Tokenizing the names in the data and extracting any prefix.

In [14]:
def preprocess(df):
  df = df.copy()

  def normalize_name(x):
    return " ".join([v.strip(",()[].\"'") for v in x.split(" ")])

  def ticket_number(x):
    return x.split(" ")[-1]

  def ticket_item(x):
    items = x.split(" ")
    if len(items) == 1:
      return "NONE"
    return "_".join(items[0:-1])

  df["Name"] = df["Name"].apply(normalize_name)
  df["Ticket_number"] = df["Ticket"].apply(ticket_number)
  df["Ticket_item"] = df["Ticket"].apply(ticket_item)
  return df

preprocessed_train_df = preprocess(tfdf_train_data)
preprocessed_test_df = preprocess(tfdf_test_data)

preprocessed_train_df.head(5)

Unnamed: 0,PassengerId,Survived,Pclass,Name,Sex,Age,SibSp,Parch,Ticket,Fare,Cabin,Embarked,Ticket_number,Ticket_item
0,1,0,3,Braund Mr Owen Harris,male,22.0,1,0,A/5 21171,7.25,,S,21171,A/5
1,2,1,1,Cumings Mrs John Bradley Florence Briggs Thayer,female,38.0,1,0,PC 17599,71.2833,C85,C,17599,PC
2,3,1,3,Heikkinen Miss Laina,female,26.0,0,0,STON/O2. 3101282,7.925,,S,3101282,STON/O2.
3,4,1,1,Futrelle Mrs Jacques Heath Lily May Peel,female,35.0,1,0,113803,53.1,C123,S,113803,NONE
4,5,0,3,Allen Mr William Henry,male,35.0,0,0,373450,8.05,,S,373450,NONE


We don't want to train the model on "PassengerID" and "Ticket" features.

In [16]:
input_features = list(preprocessed_train_df.columns)
input_features.remove("Ticket")
input_features.remove("PassengerId")
input_features.remove("Survived")

## Converting dataset to TensorFlow dataset

In [20]:
def tokenize_names(features, labels = None):
  features["Name"] = tf.strings.split(features["Name"])
  return features, labels

train_ds = tfdf.keras.pd_dataframe_to_tf_dataset(preprocessed_train_df, label = "Survived").map(tokenize_names)
test_ds = tfdf.keras.pd_dataframe_to_tf_dataset(preprocessed_test_df).map(tokenize_names)

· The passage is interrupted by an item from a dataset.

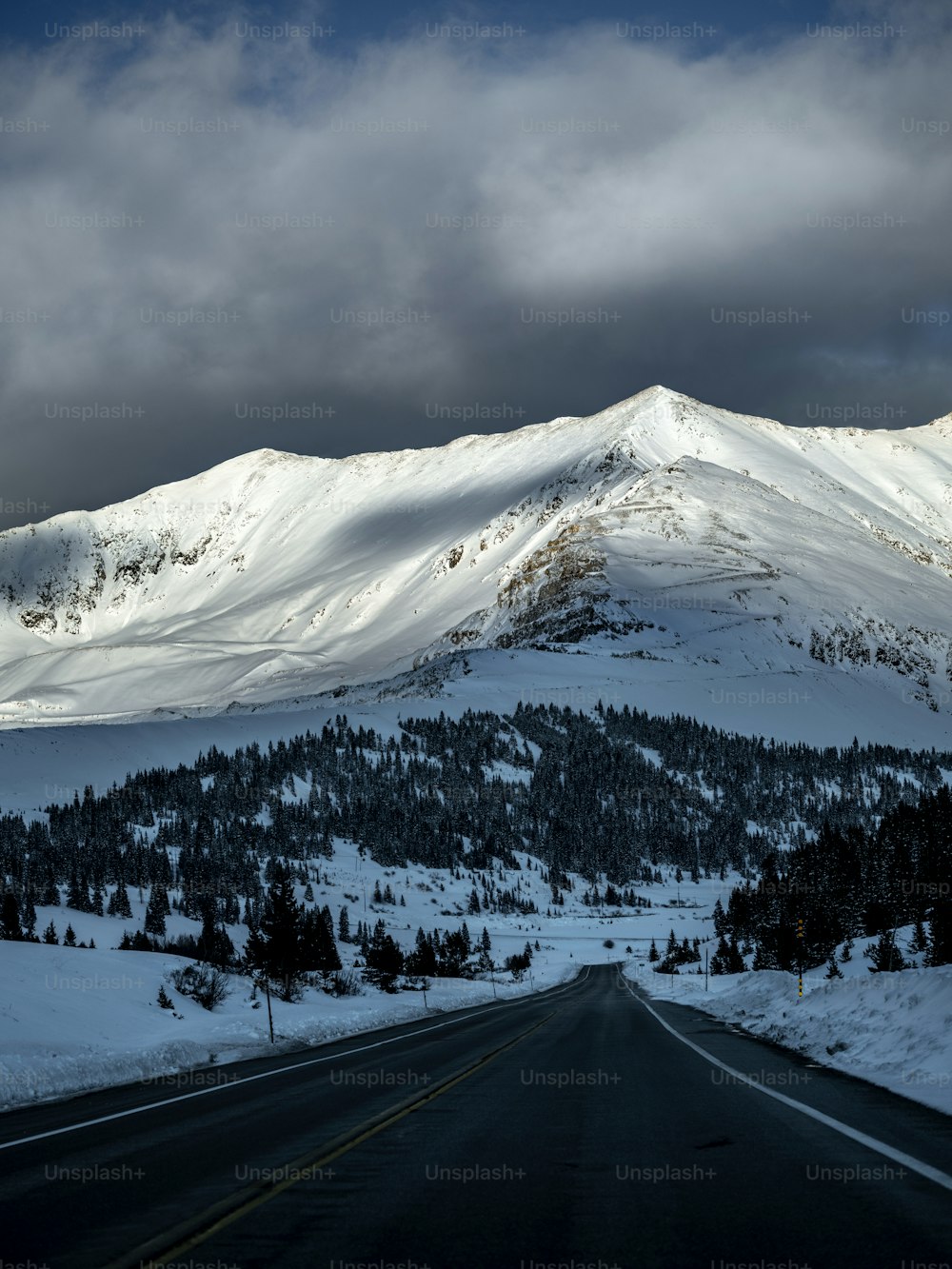 a snow covered mountain with a road in the foreground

## Training the model with default params

In [22]:
model = tfdf.keras.GradientBoostedTreesModel(
    verbose = 0,
    features = [tfdf.keras.FeatureUsage(name=n) for n in input_features],
    exclude_non_specified_features = True,
    random_seed = 10,
)
model.fit(train_ds)

self_evaluation = model.make_inspector().evaluation()
self_evaluation.loss

0.7801646590232849

## Training model with improved default params

In [24]:
model2 = tfdf.keras.GradientBoostedTreesModel(
    verbose = 0,
    features=[tfdf.keras.FeatureUsage(name = n) for n in input_features],
    exclude_non_specified_features = True,
    min_examples = 1,
    categorical_algorithm = "RANDOM",
    shrinkage = 0.05,
    split_axis = "SPARSE_OBLIQUE",
    sparse_oblique_normalization = "MIN_MAX",
    sparse_oblique_num_projections_exponent=2.0,
    num_trees = 2000,
    random_seed = 10,
)

model2.fit(train_ds)

self_evaluation2 = model2.make_inspector().evaluation()
self_evaluation2.loss

0.8411012291908264

In [25]:
model2.summary()

Model: "gradient_boosted_trees_model_3"
_________________________________________________________________
 Layer (type)                Output Shape              Param #   
Total params: 1 (1.00 Byte)
Trainable params: 0 (0.00 Byte)
Non-trainable params: 1 (1.00 Byte)
_________________________________________________________________
Type: "GRADIENT_BOOSTED_TREES"
Task: CLASSIFICATION
Label: "__LABEL"

Input Features (11):
	Age
	Cabin
	Embarked
	Fare
	Name
	Parch
	Pclass
	Sex
	SibSp
	Ticket_item
	Ticket_number

No weights

Variable Importance: INV_MEAN_MIN_DEPTH:
    1.           "Sex"  0.459147 ################
    2.           "Age"  0.373636 ###########
    3.          "Fare"  0.263117 #####
    4.          "Name"  0.218394 ##
    5.   "Ticket_item"  0.181858 
    6. "Ticket_number"  0.178881 
    7.      "Embarked"  0.178076 
    8.        "Pclass"  0.177209 
    9.         "Parch"  0.176724 
   10.         "SibSp"  0.171615 

Variable Importance: NUM_AS_ROOT:
    1.  "Sex" 45.000000

## Making predictions

In [29]:
def prediction_to_kaggle_format(model2, threshold=0.5):
    proba_survive = model2.predict(test_ds, verbose=0)[:, 0]  # Using model2 instead of model
    # Convert test_ds to a pandas DataFrame to access "PassengerId"
    test_df = next(iter(test_ds.batch(len(test_ds)))).as_numpy_iterator()
    test_df = pd.DataFrame(list(test_df))

    return pd.DataFrame({
        "PassengerId": test_df["PassengerId"],
        "Survived": (proba_survive >= threshold).astype(int)
    })

kaggle_predictions = prediction_to_kaggle_format(model2)

AttributeError: 'tuple' object has no attribute 'as_numpy_iterator'